▶ [Materials provided]:
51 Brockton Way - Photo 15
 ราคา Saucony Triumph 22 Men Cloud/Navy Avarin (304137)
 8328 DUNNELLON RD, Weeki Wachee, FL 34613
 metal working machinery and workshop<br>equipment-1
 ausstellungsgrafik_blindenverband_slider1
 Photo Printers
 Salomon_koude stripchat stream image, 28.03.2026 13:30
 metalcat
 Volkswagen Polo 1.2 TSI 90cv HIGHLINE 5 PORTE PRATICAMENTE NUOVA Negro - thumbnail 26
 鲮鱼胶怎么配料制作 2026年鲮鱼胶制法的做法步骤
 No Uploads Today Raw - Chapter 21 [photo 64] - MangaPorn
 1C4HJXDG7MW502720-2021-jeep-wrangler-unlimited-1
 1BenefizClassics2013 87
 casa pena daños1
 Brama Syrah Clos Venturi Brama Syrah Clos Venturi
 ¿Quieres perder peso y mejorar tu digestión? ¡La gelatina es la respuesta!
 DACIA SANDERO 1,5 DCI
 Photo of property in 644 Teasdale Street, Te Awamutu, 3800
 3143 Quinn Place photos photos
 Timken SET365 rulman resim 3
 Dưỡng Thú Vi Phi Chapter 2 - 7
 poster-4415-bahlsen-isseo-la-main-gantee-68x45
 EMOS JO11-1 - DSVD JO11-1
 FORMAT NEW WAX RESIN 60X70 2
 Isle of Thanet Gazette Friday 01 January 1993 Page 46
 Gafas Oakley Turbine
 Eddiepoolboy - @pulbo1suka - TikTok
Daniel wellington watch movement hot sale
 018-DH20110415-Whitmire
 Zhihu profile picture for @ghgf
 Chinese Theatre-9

▶ [What you should do]:
Every line above that contains "Chapter" counts once. Give the number of those lines and nothing more.

▶ [Result below]:
2